Seine Gedanken versanken in die Geschichte, die er gerade schrieb. Die Umgebung nahm er kaum noch wahr, während er sich den Fortgang der Handlung überlegte, verschiedene Wendungen erwog und darüber nachdachte, wohin sie führen würden. Ab und zu nippte er an dem Bier, das er aber kaum schmeckte.

Nach einer Weile ließ ein Gast die Eingangstür zuknallen, was Jacob aus seine Gedanken wieder herausriss. Er hob den Krug zum Mund, doch der war mittlerweile leer getrunken. Auf dem Hocker drehte er sich zum Gastraum und stellte fest, dass der sich inzwischen gefüllt hatte. Er sollte einen Tisch für sich und Herold besetzen, bevor es zu spät dafür war. In der hintersten Ecke war noch einer frei.

Gerade als er aufstehen und sich dorthin begeben wollte, merkte er, dass die zwei Männer vom Nebentisch direkt zu ihm herüberstarrten. Jacob musste kurz überlegen, dann fiel ihm ein, woher er sie kannte: Es waren die beiden Kerle, die auf dieser Tanzveranstaltung so wütend auf ihn waren, Rosas Bruder und dessen Freund. Heute sahen sie genauso wütend aus, wie vor einer Woche. Was musste das für ein bemitleidenswertes Leben sein, in dem sie ständig schlecht gelaunt waren.

Jacob grinste sie an und nickte zum Gruß mit dem Kopf. Das schien ihre Launen nicht zu verbessern, denn sie wirkten noch wütender. Sie sahen sich kurz an, erhoben sich und kamen mit finsteren Mienen zu Jacob an die Theke.

Was wollen die denn nun schon wieder von mir, dachte er, grinste ihnen aber weiterhin entgegen.

Sie bauten sich vor ihm auf, doch obwohl Jacob oftmals allen Grund dazu hatte, war er niemand, der sich leicht einschüchtern ließ.

»Seid gegrüßt«, sagte er fröhlich. »Wie ich sehe, habt ihr heute wieder die beste Laune. Wie schmeckt euch das Bier?«

Sie sahen sich erneut kurz an.

»Lass Rosa in Ruhe«, knurrte dann ihr Bruder.

Der tat ja gerade so, als würde Jacob jeden Abend unter ihrem Fenster stehen und ihr ein Ständchen bringen. Dabei hatte er sie seit der Tanzveranstaltung nicht wieder gesehen.

»Ja, lass die Finger von ihr«, stimmte der Freund des Bruders ein.
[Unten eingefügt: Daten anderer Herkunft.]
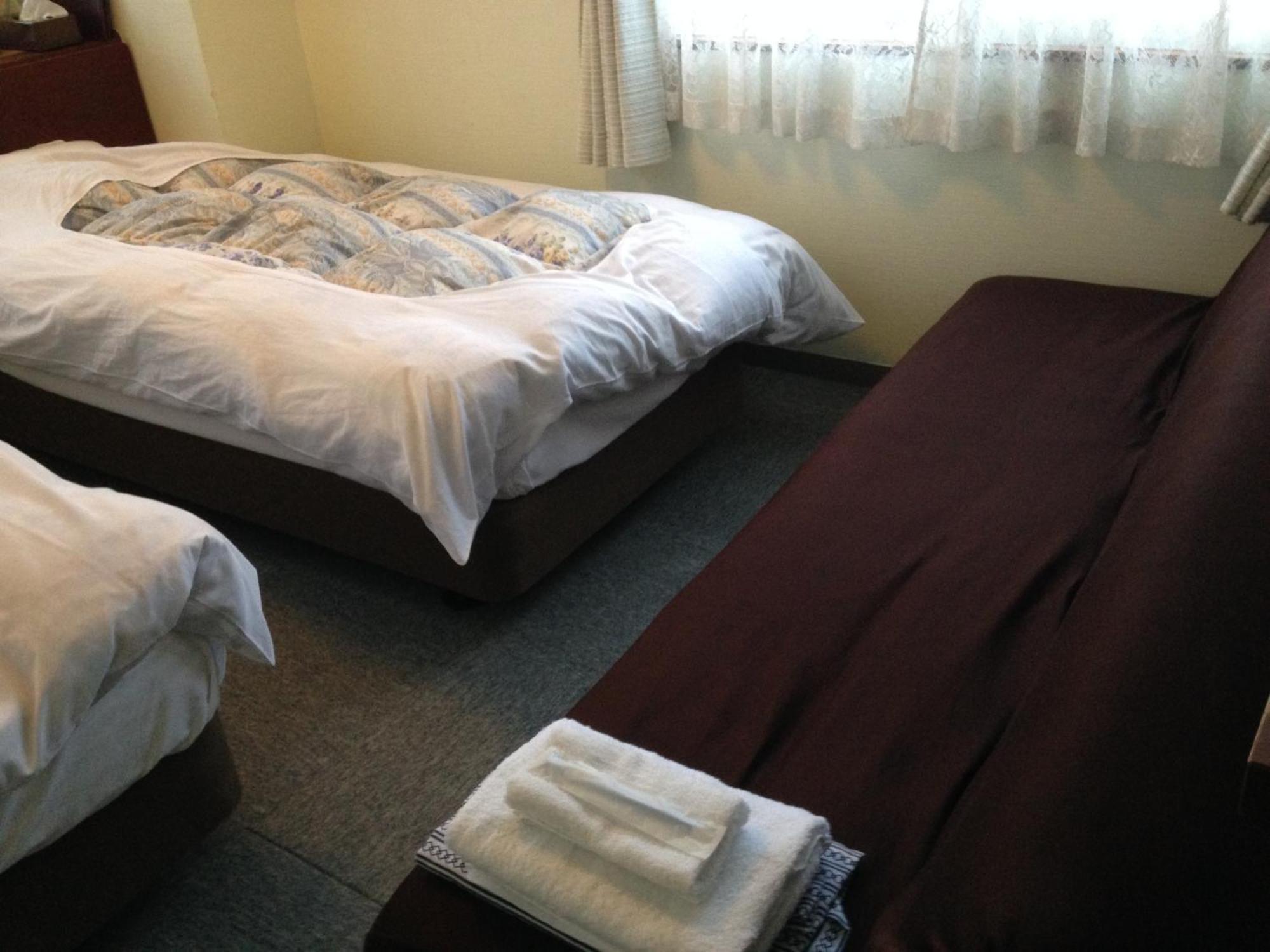 فندق Community House Tyrolien هاكوبا الغرفة الصورة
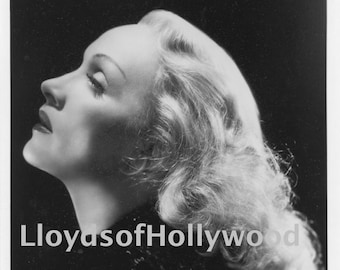 Marlene Dietrich Hollywood Glamour Goddess Photograph 1930's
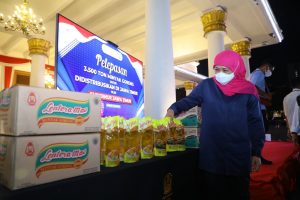 Atasi Kelangkaan Minyak Goreng, Pemprov Jatim Gelontorkan 3.500 Ton ke – 17 Daerah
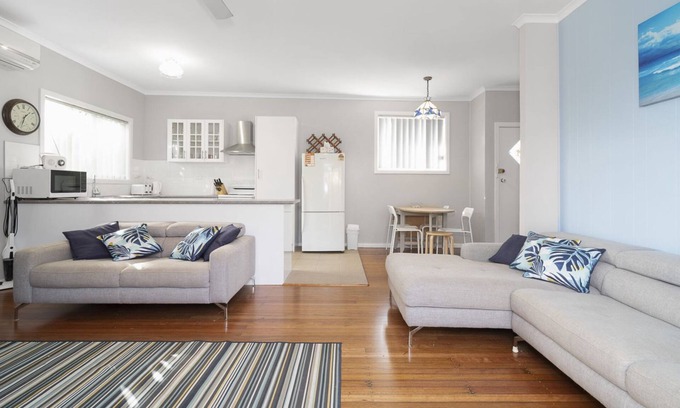 Long Jetty Apartment | Eloora House, Blue bay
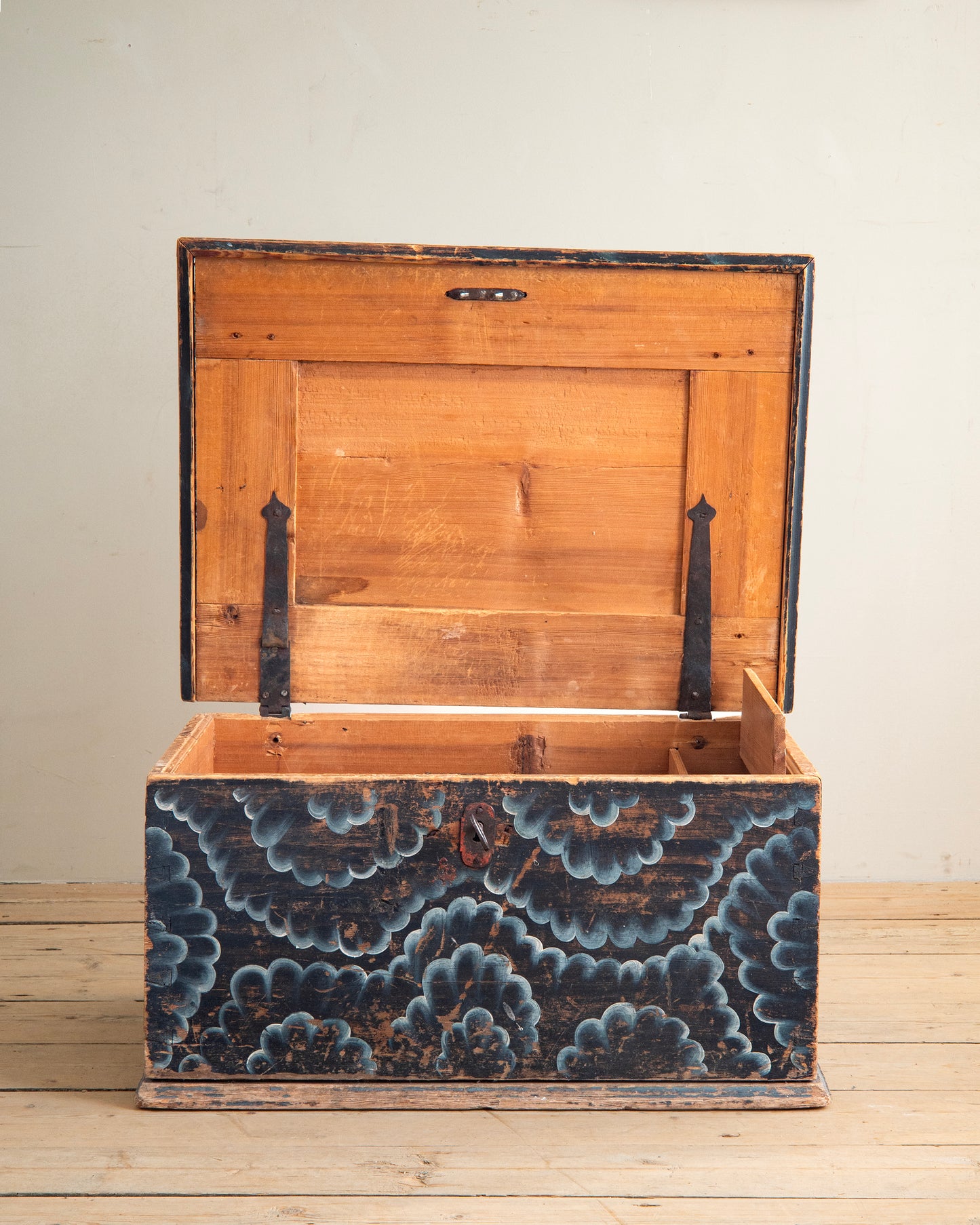 19th c, Folk Art Chest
Jacob hatte zwar nicht mehr an sie gedacht, seit er die betrunkene Schönheit an jenem Abend sicher vor ihrem Haus zurückgelassen hatte. Trotzdem ließ er sich nicht gerne etwas vorschreiben, egal von wem. Er schob sein Kinn vor.

»Und wenn ich es nicht tue?«

Rosas Bruder kam so nahe an Jacob heran, dass sich ihre Nasen fast berührten.

»Dann brechen wir dir jeden Knochen, den du im Leibe hast«, zischte er durch zusammengebissene Zähne.

Ganz weit hinten in Jacobs Kopf flüsterte eine Stimme, dass er klein beigeben sollte. Sie sprach ihm zu, dass diese Angelegenheit keine besondere Bedeutung für ihn hatte, und er einfach sagen könnte, dass er Rosa fortan in Ruhe lassen würde. Die beiden großen und viel stärkeren Männer würden dann von ihm lassen und die Sache wäre erledigt. Jacob war geneigt auf diese Stimme zu hören. Aber da war noch eine andere Stimme. Diese schrie, dass er sich das nicht bieten lassen konnte, dass die Männer ihm gar nichts zu sagen hatten.

»Genau«, sagte da der andere Mann. »Wir werden dir deinen Verstand aus deinem hübschen Köpfchen herausprügeln, du dämlicher Müllerjunge.«

Dieser Hornochse nannte ihn Müllerjunge? Die laute Stimme in Jacobs Kopf gewann.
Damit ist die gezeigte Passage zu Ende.